# Garage di re arrangement



## hardtail (Jul 14, 2009)

Having to refill my di vessel and add a flow meter i decided to go the whole hog and strip out my karcher hd and mount it to the wall and pipe it to have the option to run the di throught the pressure washer by opening and shutting a couple of valves if i wanted to ,i also added an inline ppm meter and a bucket fill for good measures. Just finished up my pipe work in the garage to tidy it up a bit and thought i pop a pic up to show my setup:thumb:


----------



## great gonzo (Nov 4, 2010)

That's an amazing set up, love the colour coded pipe work. 

Gonz.


----------



## hardtail (Jul 14, 2009)

lol cheers it was for if the wife tryed to wash her car and i was out hopefully see can see whats what now


----------



## great gonzo (Nov 4, 2010)

hardtail said:


> lol cheers it was for if the wife tryed to wash her car and i was out hopefully see can see whats what now


Don't forget a bit of insulation for those frosty winter days ahead.

Gonz.


----------



## hardtail (Jul 14, 2009)

thats not an issue mate as the garage is insulated and has a heater on a stat in there


----------



## Richf (Apr 26, 2008)

Great stuff , i should pull my finger out and do something like that


----------



## Danjc (Dec 1, 2013)

Where did you get you accessory rack from ?


----------



## hardtail (Jul 14, 2009)

its a screwdriver rack found at work just modified it to fit the nozzles


----------



## Jue (Aug 1, 2016)

Nice job :thumb:


----------



## VenomUK (Oct 13, 2011)

Wow that's some set up there, care to show more pictures of the set up and more info please?


----------



## hardtail (Jul 14, 2009)

yes more than happy to help what do you want some pics of,i basically wanted a setup where i had the option to either use di water through a hose via a hose to do the windows on the house or for the car or through the pressure washer on the car ,its worked out nice as i today i tryed the di through the jet wash via its pressure hose but with no power to the washer and i got a nice flow of water so at least that will now save me connecting a hose for a final rinse and the new quick connectors on the gun are a superb purchase .Overall i more than happy with it having it all off the floor giving me more floor space in my garage for more tools and detailing space for the polishers 













can never have to many tools lol
just the new fuse box and wiring to do the weekend


----------



## c87reed (Dec 9, 2015)

Looks like a brilliant setup, very well thought out.


----------



## hardtail (Jul 14, 2009)

thankyou m8


----------



## VenomUK (Oct 13, 2011)

Thanks, that's inspiring to me to get my garage into shape. Like the 'shadow' style wall mount for the tools. 

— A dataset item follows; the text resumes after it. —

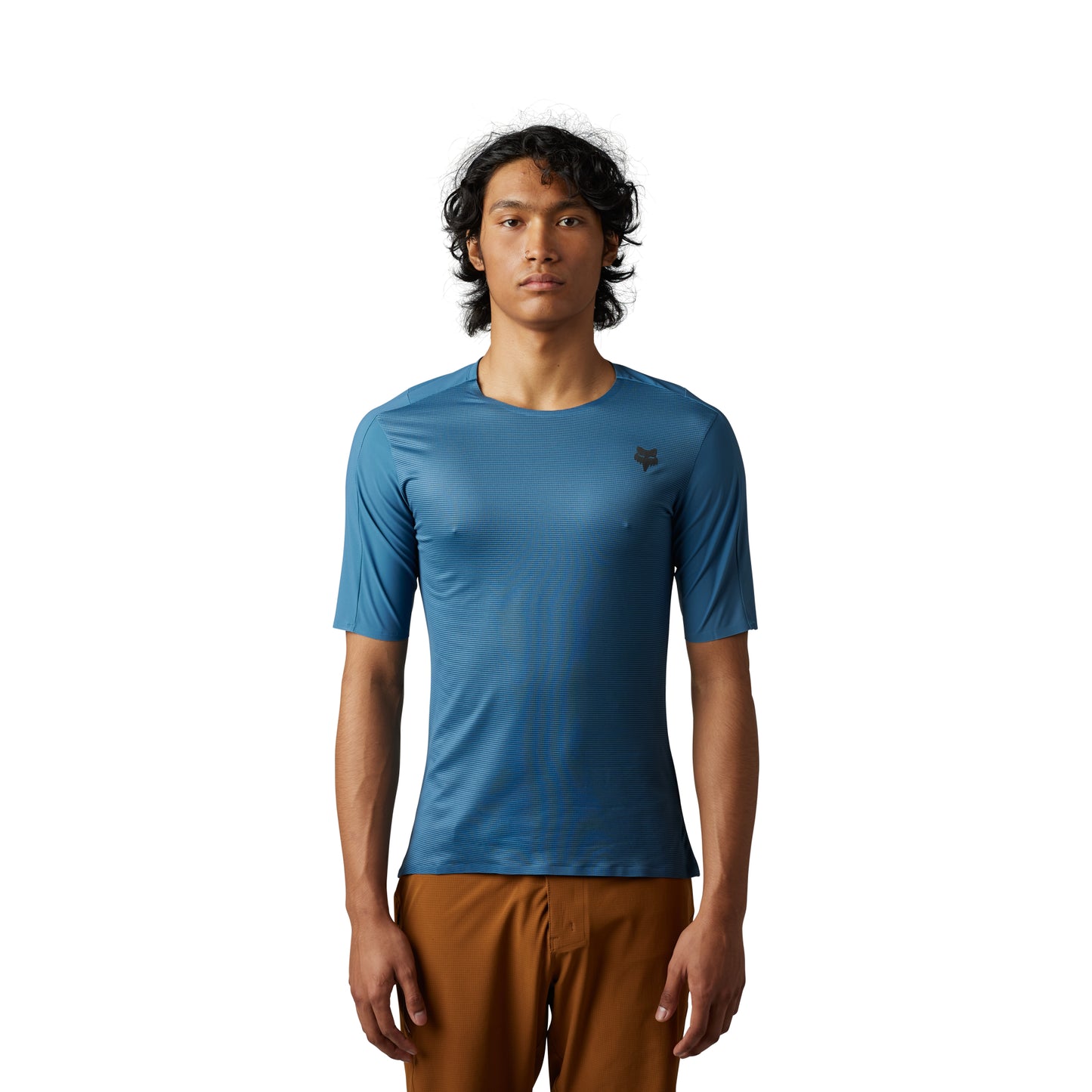 Fox Flexair Ascent Short Sleeve Jersey - XL - Dark Slate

Have you stripped down the pressure washer and just mounted the motor on the wall? Also the DI system, is that the large black fire extinguisher looking thing?


----------



## hardtail (Jul 14, 2009)

hi m8 yes ive stripped the pressure washer down out of the caseing and welded a cage to mount the motor and pump to thats whats on the wall i had to use a flexi hose to get rid of the vibration throught the pipe as the missus went mad when i piped it rigid :lol: but much better with the flexi pipe plus the motor is on anti vibration pad and yes the black vessel is my 15.4 litre di vessel


----------



## Jonny_R (Oct 23, 2012)

wow what an awesome set up!

If i can mimic something similar when i get my first house next year i will be happy!

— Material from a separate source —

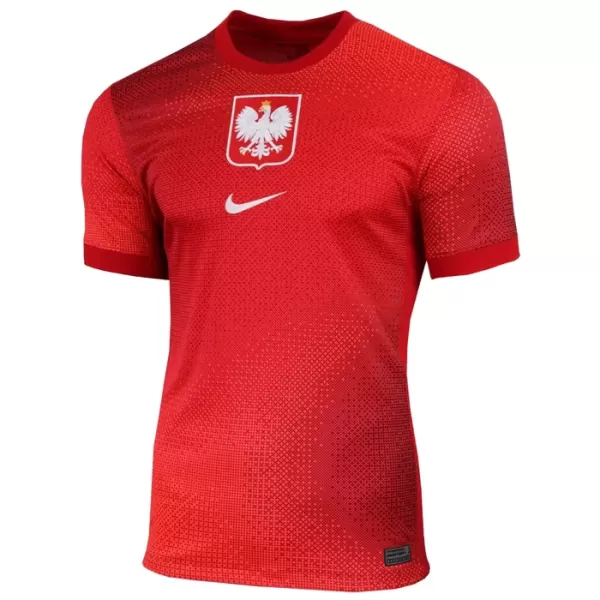 Maillot Pologne Homme Extérieur Euro 2024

Cracking set up with all the tools too!


----------



## VenomUK (Oct 13, 2011)

hardtail said:


> hi m8 yes ive stripped the pressure washer down out of the caseing and welded a cage to mount the motor and pump to thats whats on the wall i had to use a flexi hose to get rid of the vibration throught the pipe as the missus went mad when i piped it rigid :lol: but much better with the flexi pipe plus the motor is on anti vibration pad and yes the black vessel is my 15.4 litre di vessel


That's awesome, Def need to look into doing something like this myself as that's a great idea. Back when my Karcher was broken and I stripped it down to investigate I did have the thought that the case is just over excessive for the size of the motor.


----------



## hardtail (Jul 14, 2009)

Exactly what I thought mate as it took up so much room and with a single garage it just took up to much floorspace up


----------



## dstill (Dec 7, 2008)

What type of rigid pipework did you use mate? My set up uses hose pipe but i want to change this to rigid as it will be tidier. (My set up below)

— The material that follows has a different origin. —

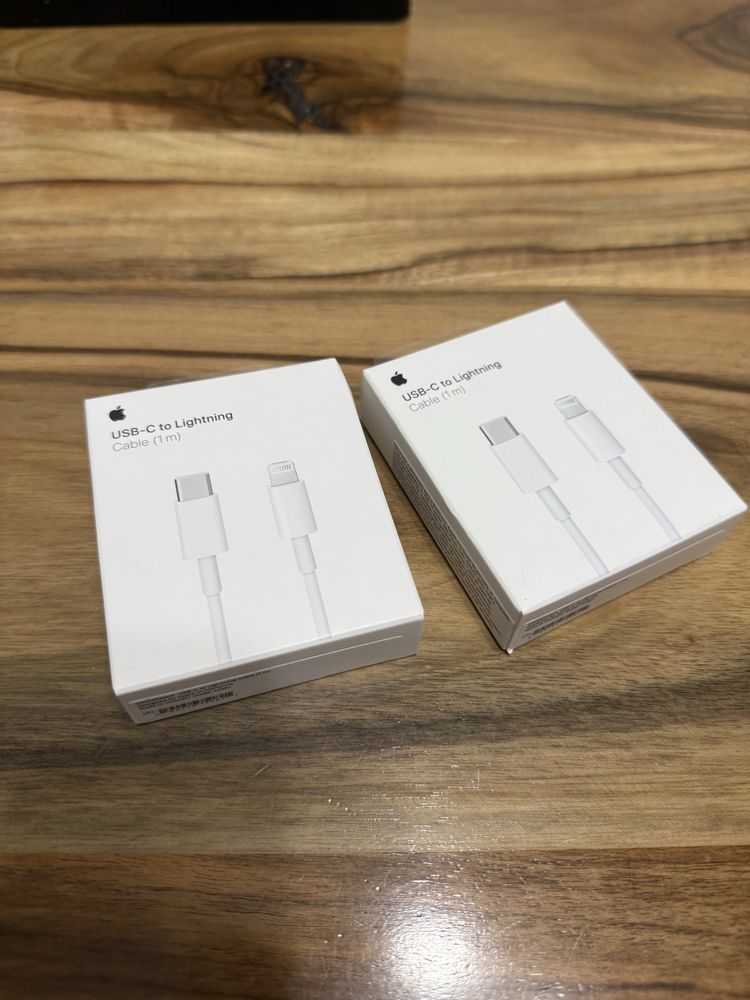 Зарядка Кабель синхронізації даних Apple USB-C to Lightning Cable 1m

http://www.detailingworld.co.uk/forum/showthread.php?t=366251


----------



## legend139 (Oct 18, 2015)

With people running the DI vessel to there reel of hose (mine is 30m) is this not wasting water in that lengthy bit of hose? Is it not a consern to anyone or is it just me? As you'd have to run the tap abit before getting spotless water to the nozzle


Sent from my iPhone using Tapatalk


----------



## trv8 (Dec 30, 2007)

legend139 said:


> With people running the DI vessel to there reel of hose (mine is 30m) is this not wasting water in that lengthy bit of hose? Is it not a consern to anyone or is it just me? As you'd have to run the tap abit before getting spotless water to the nozzle
> 
> Sent from my iPhone using Tapatalk


Pure water can stay in the hose.


----------



## fatdazza (Dec 29, 2010)

legend139 said:


> With people running the DI vessel to there reel of hose (mine is 30m) is this not wasting water in that lengthy bit of hose? Is it not a consern to anyone or is it just me? As you'd have to run the tap abit before getting spotless water to the nozzle
> 
> Sent from my iPhone using Tapatalk





trv8 said:


> Pure water can stay in the hose.


As trv8 says you could use the hose solely for DI water .

Or if it helps the volume of 30m of garden hose (12.5mm diameter) is only 3.7 litres, so draw off this before rinsing if the hose has been used for normal water.


----------



## hardtail (Jul 14, 2009)

Just a quick update on the usage from my 15.4 litre di vessel due to monitoring the litre usage on the digital guage and deciding to change the resin at 16ppm as i noticed very slight water marks on the glass i managed 874 litres from the resin which im very happy as thats 1728 litres of spot free water from a 25kg bag of tuscan resin :thumb: also i use 16-19 litres per wash so average 123 rinses with the pressure washer


----------



## trv8 (Dec 30, 2007)

hardtail said:


> Just a quick update on the usage from my 15.4 litre di vessel due to monitoring the litre usage on the digital guage and deciding to change the resin at 16ppm as i noticed very slight water marks on the glass i managed 874 litres from the resin which im very happy as thats 1728 litres of spot free water from a 25kg bag of tuscan resin :thumb: also i use 16-19 litres per wash so average 123 rinses with the pressure washer


Just out of interest, what is your incoming mains water TDS reading, and how much flow ie ltr/minute going through the DI Vessel .


----------



## hardtail (Jul 14, 2009)

hi my tds is 273 ppm going into the vessel and my pressure washer puts out 550 litres per hour if that helps


----------



## Puntoboy (Jun 30, 2007)

Great setup. Could you give some links to the parts you bought? Specifically the inline TDS meter and flow meter? I have a DI vessel and I'd like to add these to my setup. Cheers. 


Sent from my iPhone using Tapatalk


----------